And if you just can't bear the thought of ending one of our piscine pal's lives prematurely, there's always the option of choosing something already caught and packed in ice, like red snapper, robalo, carp and sheephead. But no matter what creature from the deep you end up selecting, 99 Ranch Market's experienced fishmongers will clean and prepare (and even execute) your finny favorite with samurai-like skill -- all at no additional cost.

Go, fish!

You're planning on throwing an important dinner party for a bunch of fussy gourmets. They're snobs -- you know the type. "Oh, grilled swordfish and Gulf prawns over smoked mussel fried rice and mango papaya relish again?" they sniff.

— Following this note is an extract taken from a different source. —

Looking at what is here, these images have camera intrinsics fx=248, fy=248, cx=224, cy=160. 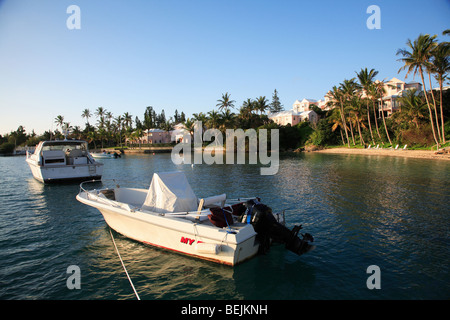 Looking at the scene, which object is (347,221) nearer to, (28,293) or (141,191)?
(141,191)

An order from Gourmet Imports will shut their mouths -- at least until it's time to chew. But you have to pick up the phone to buy anything here; the enterprise doesn't take walk-in trade.

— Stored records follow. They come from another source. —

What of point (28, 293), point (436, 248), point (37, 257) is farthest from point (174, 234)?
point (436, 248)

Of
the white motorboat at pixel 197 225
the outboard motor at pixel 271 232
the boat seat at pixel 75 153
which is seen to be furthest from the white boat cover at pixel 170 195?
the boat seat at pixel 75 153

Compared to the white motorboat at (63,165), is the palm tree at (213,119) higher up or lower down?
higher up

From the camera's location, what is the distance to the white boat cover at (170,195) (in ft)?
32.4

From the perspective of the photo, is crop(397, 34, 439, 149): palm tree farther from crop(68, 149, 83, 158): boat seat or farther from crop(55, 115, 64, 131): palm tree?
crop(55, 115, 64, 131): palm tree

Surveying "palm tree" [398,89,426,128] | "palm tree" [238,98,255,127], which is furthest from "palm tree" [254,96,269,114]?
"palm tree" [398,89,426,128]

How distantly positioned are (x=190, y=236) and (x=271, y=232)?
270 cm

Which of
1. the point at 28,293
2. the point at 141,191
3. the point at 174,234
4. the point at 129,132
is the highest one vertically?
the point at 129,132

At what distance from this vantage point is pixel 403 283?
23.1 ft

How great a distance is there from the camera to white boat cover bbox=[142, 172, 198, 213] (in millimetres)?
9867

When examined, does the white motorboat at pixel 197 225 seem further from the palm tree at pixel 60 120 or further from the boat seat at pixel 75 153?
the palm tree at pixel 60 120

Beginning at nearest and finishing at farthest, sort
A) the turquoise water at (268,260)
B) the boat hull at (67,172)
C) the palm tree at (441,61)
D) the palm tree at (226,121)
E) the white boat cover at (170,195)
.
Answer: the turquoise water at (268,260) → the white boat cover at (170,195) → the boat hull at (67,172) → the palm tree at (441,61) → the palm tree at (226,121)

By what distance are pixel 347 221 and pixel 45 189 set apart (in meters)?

Gourmet Imports brings virtually any exotic meat you can imagine, often within a day or two of placing an order. Camel meat? Giraffe? Hippopotamus? Alligator? Kangaroo?

Gourmet Imports has it all -- zebra, beaver, llama, caribou, goat, Scottish hare, African lion, musk ox, raccoon, Rocky Mountain oysters, turtle and emu (all farm raised, of course.) This purveyor serves many of Arizona's finest resorts and restaurants, and can cater to your kitchen, too.

It's food that will drive even the most jaded gourmet completely wild.

The first time we heard about "the jerk in the restaurant" 10 years ago, we thought we were being told about some lout on a cell phone. But it was a dish new to the Valley, Jamaican jerked rabbit, served at RoxSand.

Today, jerk is available on many menus, usually involving chicken. Basically, it involves rubbing meat, fish or vegetables with a spicy marinade, then grilling or roasting it. But jerk is nothing without the jerk sauce. It's got to be torridly hot, enough so our eyes water, and we'll lick carpet if we have to, just for relief.

There's no better jerk sauce we've found than the infernal number sold at Kim Bong. It's called Walkerswood Traditional Jamaican Jerk Seasoning, and the colorful, reggae-themed bottle warns us it's "hot and spicy."

We say ya, mon, and how. This is the real thing, packed with scallions, black pepper, salt, allspice, nutmeg, citrus, sugar and thyme. The active ingredient? Scotch Bonnet peppers, a vegetable so evil that cooks are advised to wear gloves when cleaning them.